_Instructions to follow_
From the entries below, retype only the lines from the one with "Audi A1 Sportback" through the one with "La pyme española", exactly as written.

_Extracted entries_
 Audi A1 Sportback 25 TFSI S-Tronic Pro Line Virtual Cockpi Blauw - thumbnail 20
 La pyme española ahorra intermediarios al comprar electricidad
...
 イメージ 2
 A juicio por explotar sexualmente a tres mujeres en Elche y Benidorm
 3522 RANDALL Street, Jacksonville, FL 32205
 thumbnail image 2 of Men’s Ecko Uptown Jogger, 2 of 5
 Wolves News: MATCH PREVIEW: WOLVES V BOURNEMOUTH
* * *
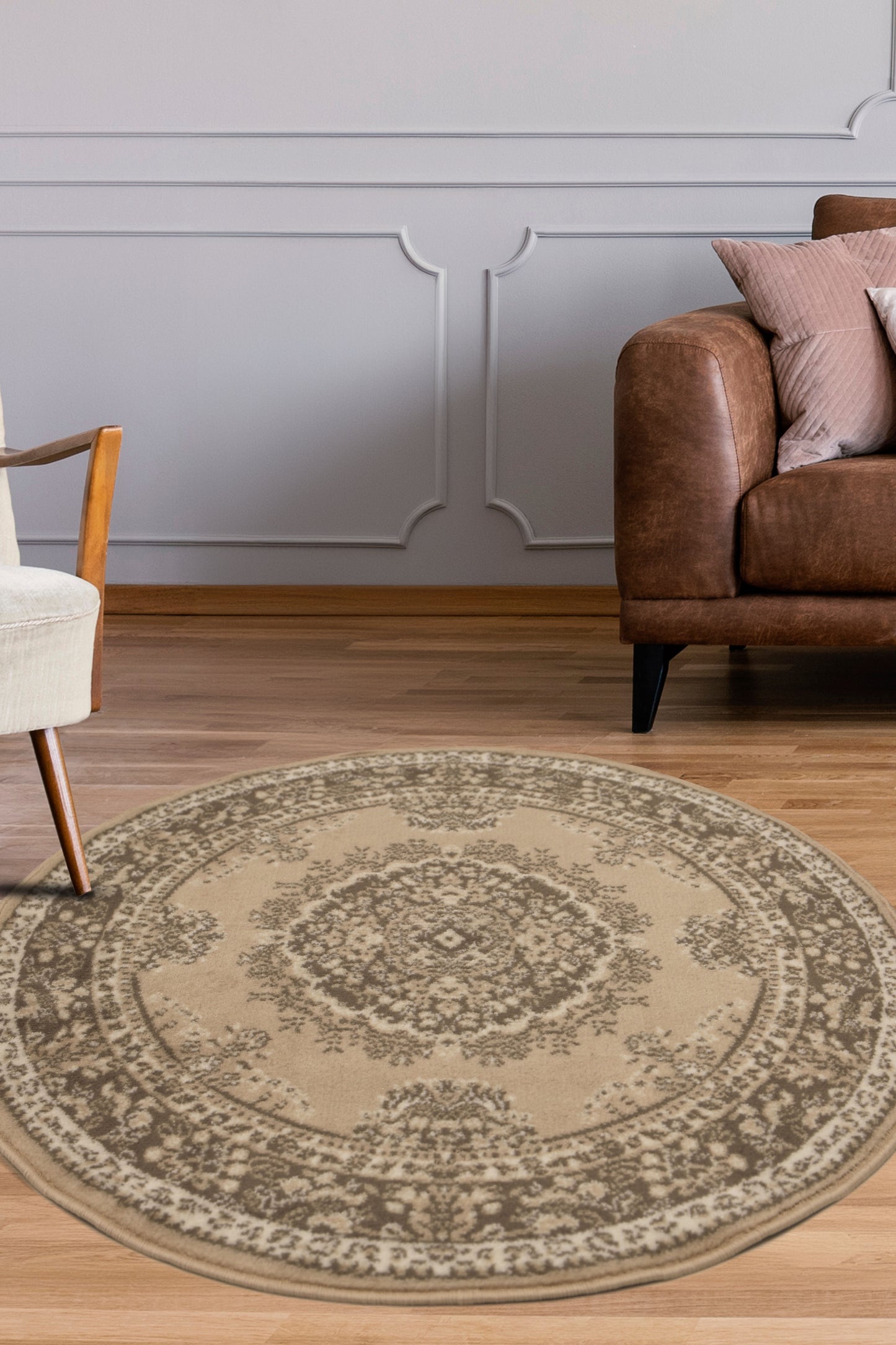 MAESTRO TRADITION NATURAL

_Answer_
 Audi A1 Sportback 25 TFSI S-Tronic Pro Line Virtual Cockpi Blauw - thumbnail 20
 La pyme española ahorra intermediarios al comprar electricidad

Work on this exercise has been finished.